2 Replies Latest reply on Dec 1, 2015 9:07 AM by nibal

    Cards supporting OpenCL 2.0 are executing kernels in random order while there's no CL_QUEUE_OUT_OF_ORDER_EXEC_MODE_ENABLE flag specified.

    neko

      Hello,

      we found a strange bug, where kernels are executed in wrong order even when command queue was not created with CL_QUEUE_OUT_OF_ORDER_EXEC_MODE_ENABLE flag. This affects only cards that supports OpenCL 2.0, see attached minimal example for demonstration. Expected output is:

       

      Advanced Micro Devices, Inc., OpenCL 2.0 ...

      OpenCL version 1.2, OK

      OpenCL version 1.2, OK

      OpenCL version 1.2, OK

      OpenCL version 1.2, OK

      OpenCL version 1.2, OK

      OpenCL version 1.2, OK

      OpenCL version 1.2, OK

      OpenCL version 1.2, OK

      OpenCL version 1.2, OK

      OpenCL version 1.2, OK

       

      while we are getting:

      Advanced Micro Devices, Inc., OpenCL 2.0 ...

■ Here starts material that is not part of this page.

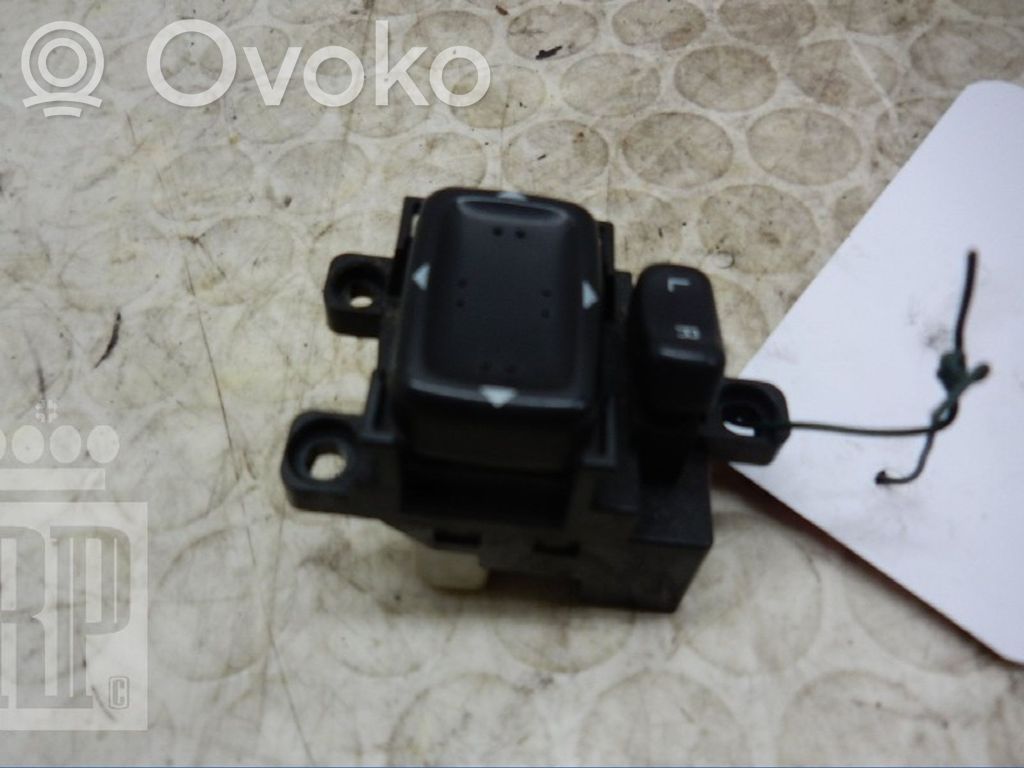 Interruptor del espejo lateral   J346080,J346080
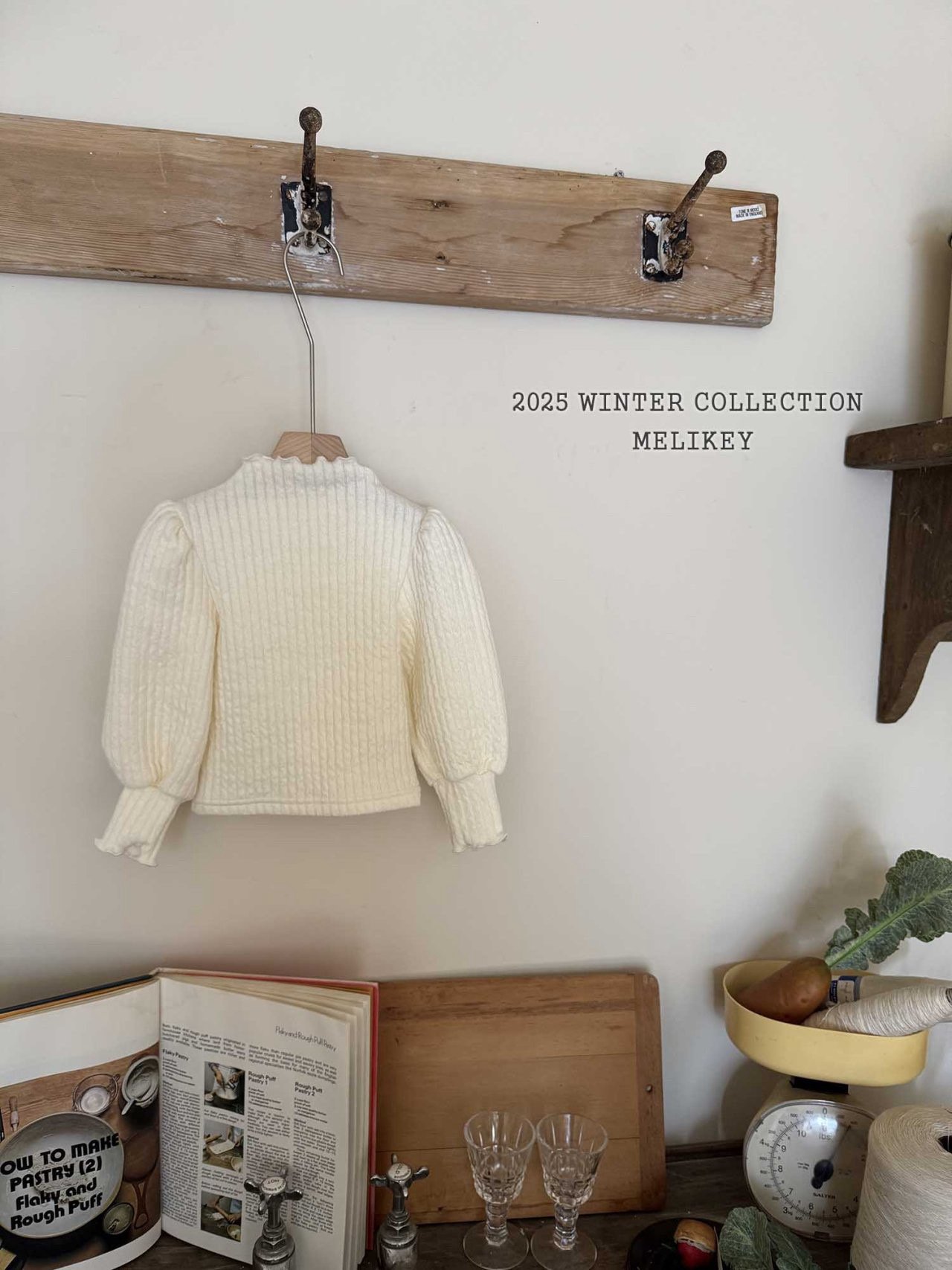 33fa11b48018a069eb2a71fdf2b8eade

      OpenCL version 1.2, FAIL (value[2] is 222 but it should be 333)

      OpenCL version 1.2, FAIL (value[2] is 222 but it should be 333)

      OpenCL version 1.2, FAIL (value[2] is 222 but it should be 333)

      OpenCL version 1.2, FAIL (value[2] is 222 but it should be 333)

      OpenCL version 1.2, FAIL (value[2] is 222 but it should be 333)

      OpenCL version 1.2, FAIL (value[2] is 222 but it should be 333)

      OpenCL version 1.2, FAIL (value[2] is 222 but it should be 333)

      OpenCL version 1.2, FAIL (value[2] is 222 but it should be 333)

      OpenCL version 1.2, FAIL (value[2] is 222 but it should be 333)

      OpenCL version 1.2, FAIL (value[2] is 222 but it should be 333)

       

      ,which clearly shows that 1st kernel is executed after the 2nd one.

       

      NOTE:

      - executed kernels share the same program and name, differs only in parameter values

      - changing build option at line 63 in attached example bug5.cpp from "-cl-std=CL1.2" to "-cl-std=CL2.0" seems to fix the problem, however we are using SPIR as obfuscation so this is not really an option since SPIR 2.0 is only in provisional stage and it's still not working properly

      - moving local array zero[4] from line 85, outside of for loop fixes all kernel executions except first 2

      - removing const from kernel.cl line 1, __global const int * const buffer => __global int * const buffer, also seems to help, sadly this works only for this simple example

      - maybe another bug, if -cl-std= option is followed by junk i.e -cl-std=abc, not white space(s), it get's evaluated as CL2.0 instead of reporting error.

       

      Confirmation and/or workaround suggestions or even better fix would be greatly appreciated.